• About this task: Within the entries below, output exactly the lines between the line containing "2001年刊 ※マカウシ覚書・旭川・幕府調査隊作成の蝦夷図 他 01725_画像1" and the line containing "Снимка 5 — Парцел в Благоевград, с. Баня", inclusive, and omit any picture.

• Data for this exercise:

-=-=-=-=-

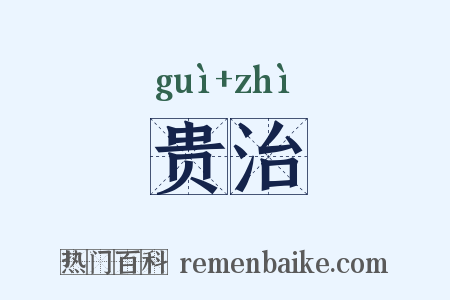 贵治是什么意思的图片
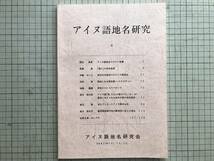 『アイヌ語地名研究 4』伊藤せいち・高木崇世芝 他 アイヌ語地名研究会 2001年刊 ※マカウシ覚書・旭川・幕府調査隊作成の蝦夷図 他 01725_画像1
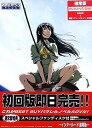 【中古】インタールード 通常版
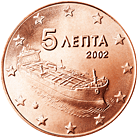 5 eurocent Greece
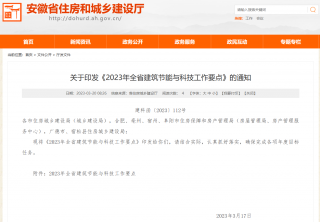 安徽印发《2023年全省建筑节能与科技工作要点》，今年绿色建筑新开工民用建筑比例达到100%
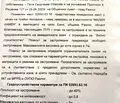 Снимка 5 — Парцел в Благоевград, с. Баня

-=-=-=-=-

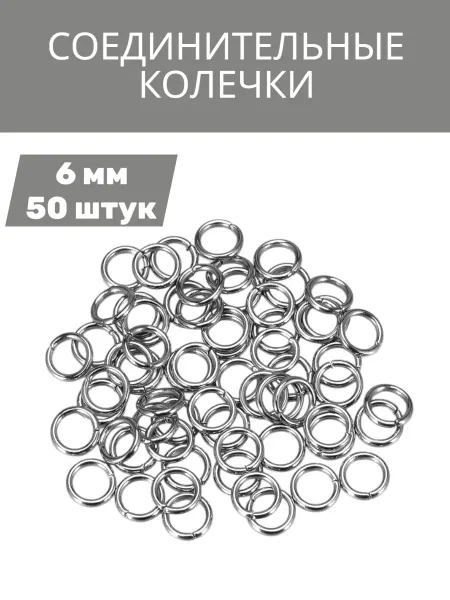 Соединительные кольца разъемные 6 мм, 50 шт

-=-=-=-=-

• Task response:
 『アイヌ語地名研究 4』伊藤せいち・高木崇世芝 他 アイヌ語地名研究会 2001年刊 ※マカウシ覚書・旭川・幕府調査隊作成の蝦夷図 他 01725_画像1
 【中古】インタールード 通常版
 5 eurocent Greece
 安徽印发《2023年全省建筑节能与科技工作要点》，今年绿色建筑新开工民用建筑比例达到100%
 Снимка 5 — Парцел в Благоевград, с. Баня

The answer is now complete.